The East Course at Oak Hill Country Club in Rochester, N.Y., is a pillar of American championship golf. Donald Ross' stately, creek-crossing routing over elm- and oak-studded suburban terrain is a quintessential parkland test. Since it opened in 1926, its journey and evolution - especially in the last half-century and particularly in the last five years - has come to represent that of great American architecture at large over a similar period.
Few courses have welcomed a more impressive array of championships.
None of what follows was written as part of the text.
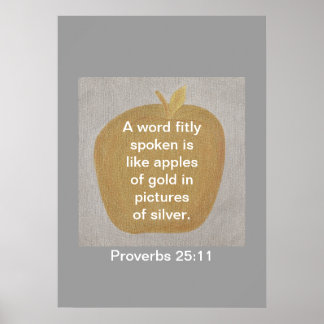 Proverbios 25:11 Posters Gold Apple Silver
Since 1949, Oak Hill Country Club has hosted two U.S. Amateurs (1949, 1998), three U.S. Opens (1956, 1968, 1989), three PGA Championships (1980, 2003, 2013; 2023 will be its fourth), the 1984 U.S. Senior Open and two Senior PGA Championships (2008, 2019), as well as the 1995 Ryder Cup. But for Team Europe's triumph that year, the course has been good to the Yanks - Americans have won every big individual championship the club has held.
Amidst its steady schedule of championship-hosting duties, the East Course changed considerably over the latter decades of the 20th century. Wanting to keep up with peer clubs in other cities, its membership periodically engaged the big-name architects of the day, who modified aspects of the course in order to maintain its fearsome reputation in the eyes of the world's greatest golfers.
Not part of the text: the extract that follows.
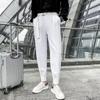 Youth Trend Business Casual Comfort Slim Versatile Simplicity Fashion Belt Nine Points Men's Suit Pants Spring Autumn New 2024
Robert Trent Jones, Sr., worked on the course starting in the 1950s, shortly after he brought major changes to the bunkering and strategic principles of another Ross great, the South Course at Oakland Hills Country Club in metro Detroit. But the most significant changes came from another prominent family of architects. Starting after Lee Trevino's 1968 U.S. Open victory, George Fazio, then nephew Tom Fazio and eventually longtime associate Tom Marzolf presided over several alterations to core aspects of the Ross original.
Part of the Fazio era at Oak Hill involved moving several greens closer to water, including the building of an artificial pond beside the par-3 15th. Though these and other changes made the course tougher, they also pulled it ever farther from its Golden Age roots.
The past is cool again in golf, and clubs across the world have been steadily unwinding much of the post-World War II nips and tucks inflicted, albeit with the best of intentions at the time, on their great courses. Few transformations have been as significant, or as heralded, as the one at Oak Hill Country Club's East Course.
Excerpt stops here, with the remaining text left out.